WORK INSTRUCTIONS >> Repeat only the stretch of lines below that runs from the line with "indoor winter decoration" through the line with "Sadnyy 100 Pcs", unaltered.

RECORDS PROVIDED >>
* * *
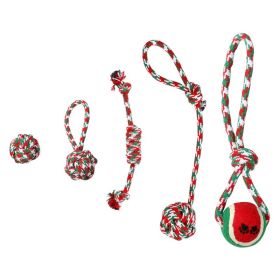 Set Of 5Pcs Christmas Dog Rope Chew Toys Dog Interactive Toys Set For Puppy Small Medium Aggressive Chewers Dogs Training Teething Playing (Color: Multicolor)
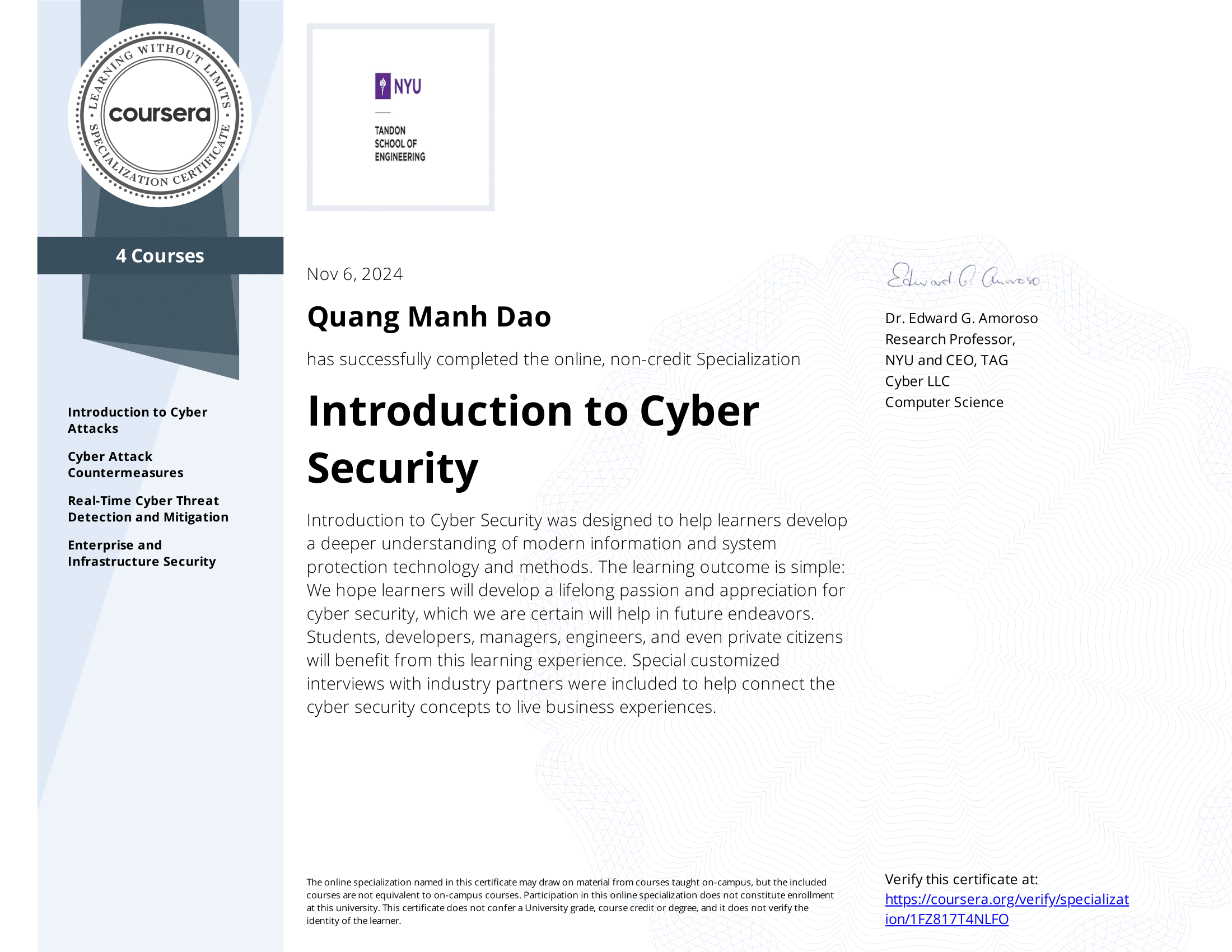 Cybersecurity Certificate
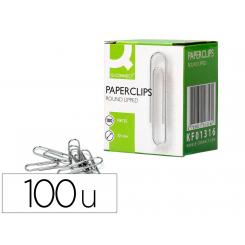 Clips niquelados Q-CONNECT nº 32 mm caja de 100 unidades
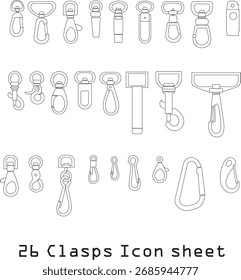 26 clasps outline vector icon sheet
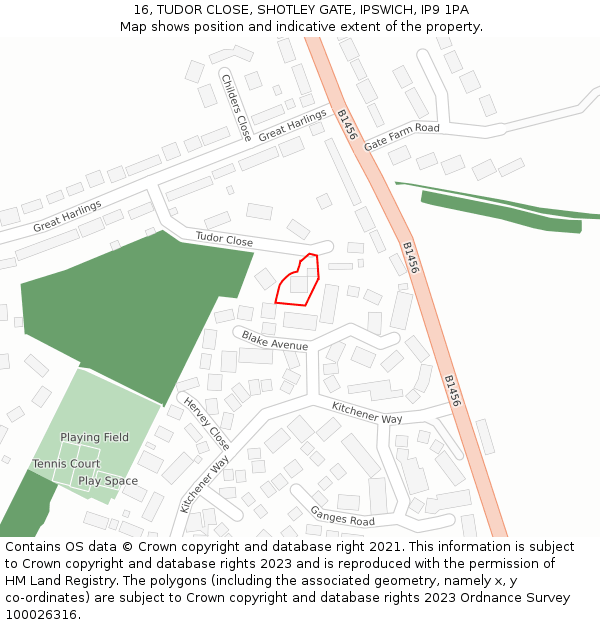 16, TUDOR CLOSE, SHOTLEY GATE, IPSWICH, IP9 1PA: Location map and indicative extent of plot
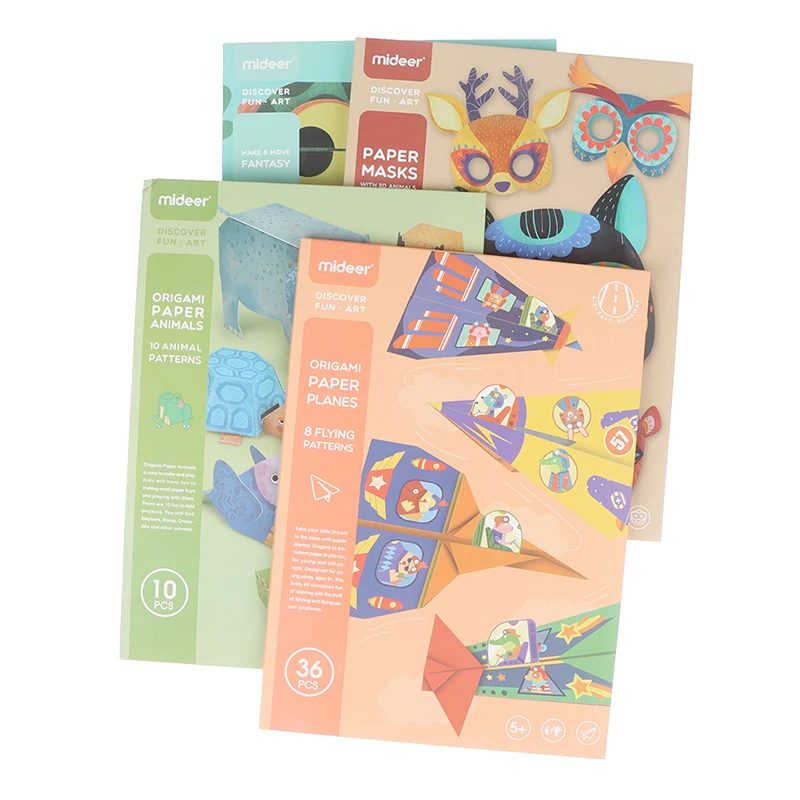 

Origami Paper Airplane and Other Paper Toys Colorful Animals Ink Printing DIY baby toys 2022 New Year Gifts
* * *
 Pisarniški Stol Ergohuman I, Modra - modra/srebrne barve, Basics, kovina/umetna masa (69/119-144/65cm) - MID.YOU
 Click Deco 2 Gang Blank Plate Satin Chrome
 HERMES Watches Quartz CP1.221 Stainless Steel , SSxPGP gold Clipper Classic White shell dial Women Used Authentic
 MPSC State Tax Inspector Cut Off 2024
* * *
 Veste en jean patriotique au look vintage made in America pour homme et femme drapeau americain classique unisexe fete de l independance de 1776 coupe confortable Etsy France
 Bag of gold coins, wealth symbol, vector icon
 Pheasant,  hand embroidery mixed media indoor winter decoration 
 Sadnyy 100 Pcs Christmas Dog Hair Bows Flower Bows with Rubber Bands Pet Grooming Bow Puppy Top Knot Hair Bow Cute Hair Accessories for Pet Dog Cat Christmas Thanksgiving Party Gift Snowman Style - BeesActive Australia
* * *
OUTPUT BELOW >>
 Pheasant,  hand embroidery mixed media indoor winter decoration 
 Sadnyy 100 Pcs Christmas Dog Hair Bows Flower Bows with Rubber Bands Pet Grooming Bow Puppy Top Knot Hair Bow Cute Hair Accessories for Pet Dog Cat Christmas Thanksgiving Party Gift Snowman Style - BeesActive Australia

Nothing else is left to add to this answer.